• [TASK STATEMENT] All of the data, word for word and free of pictures, is the expected result.

• [GIVEN MATERIAL]
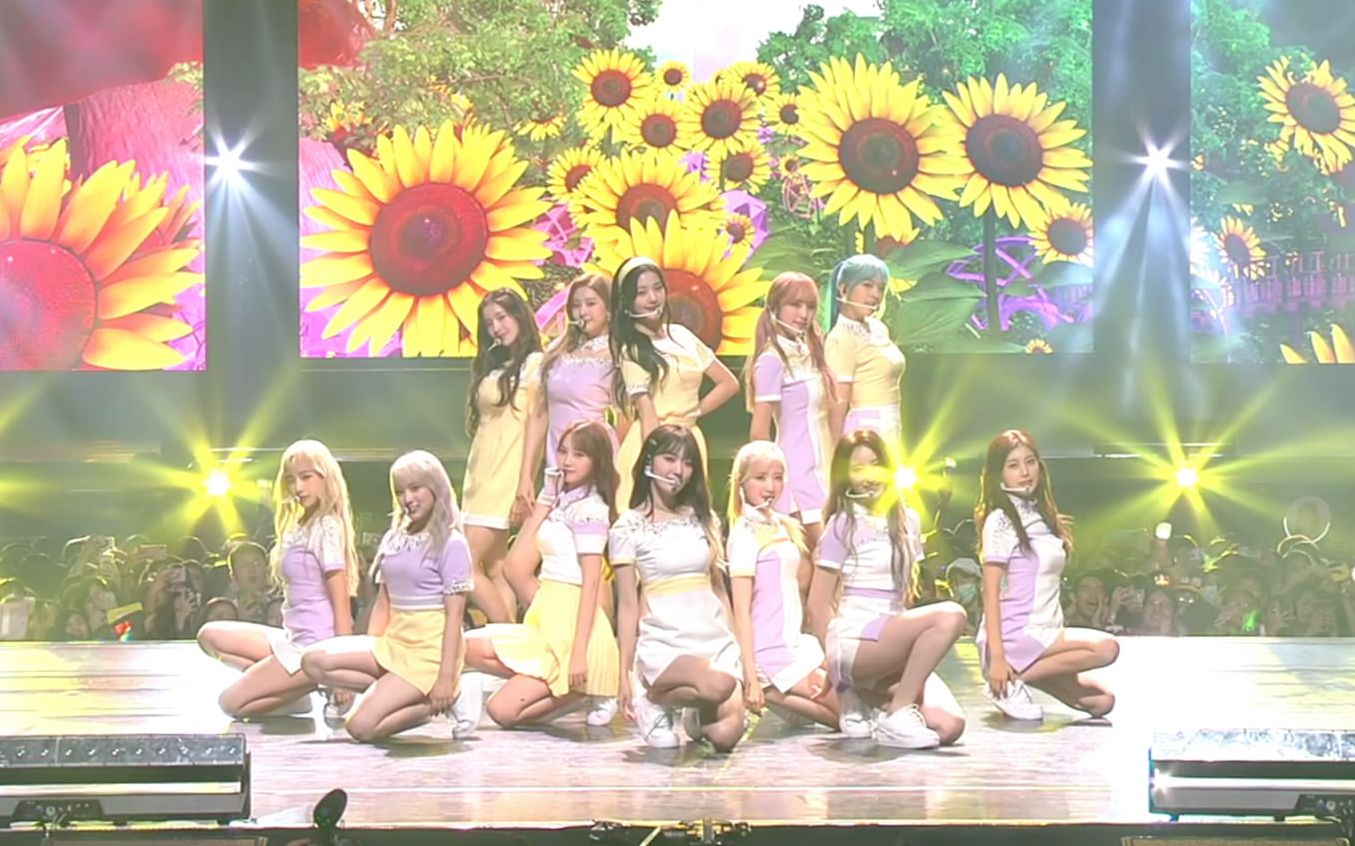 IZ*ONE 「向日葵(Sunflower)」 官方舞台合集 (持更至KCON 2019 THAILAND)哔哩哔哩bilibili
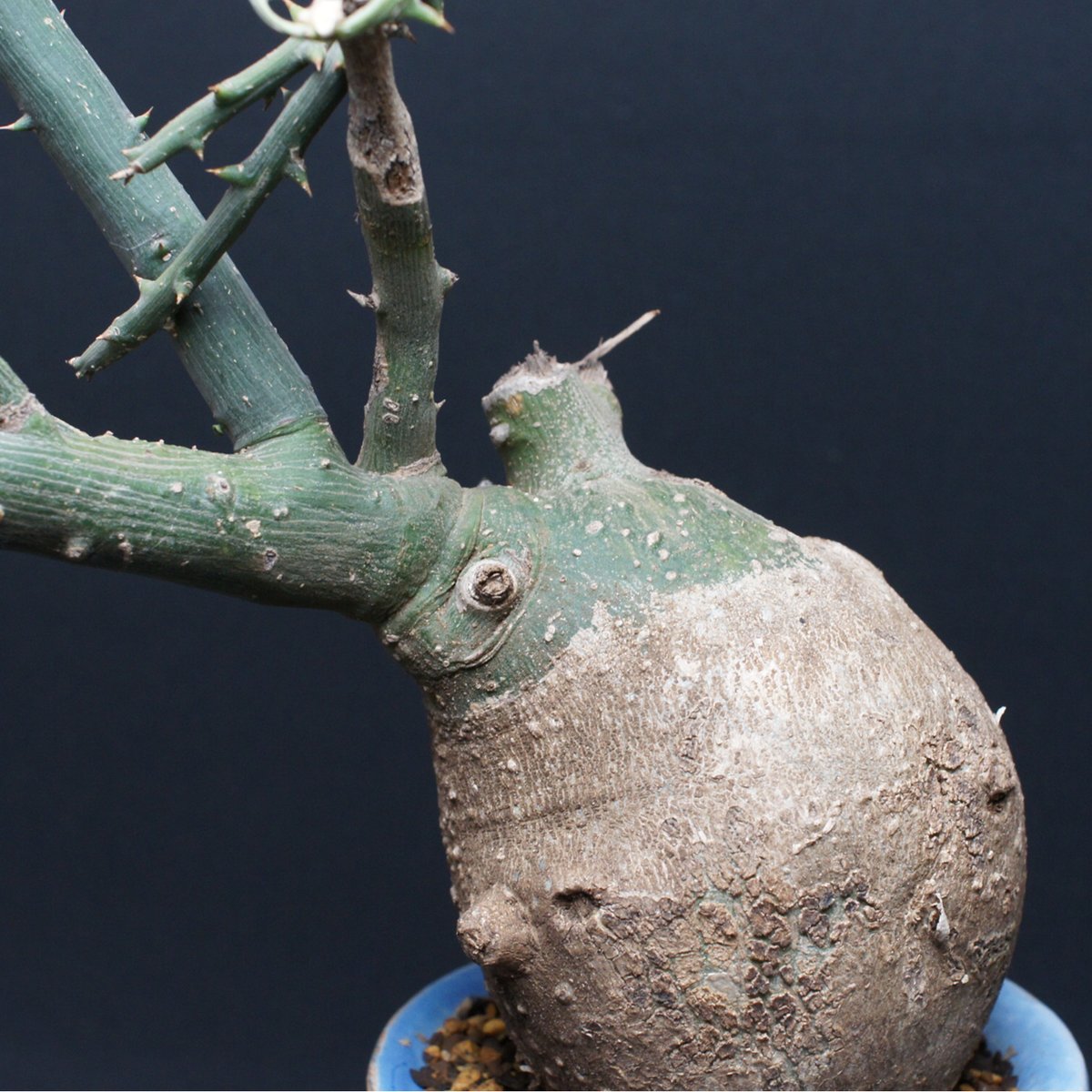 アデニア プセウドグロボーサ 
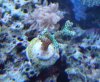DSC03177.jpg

• [SOLUTION TO THIS TASK]
 IZ*ONE 「向日葵(Sunflower)」 官方舞台合集 (持更至KCON 2019 THAILAND)哔哩哔哩bilibili
 アデニア プセウドグロボーサ 
DSC03177.jpg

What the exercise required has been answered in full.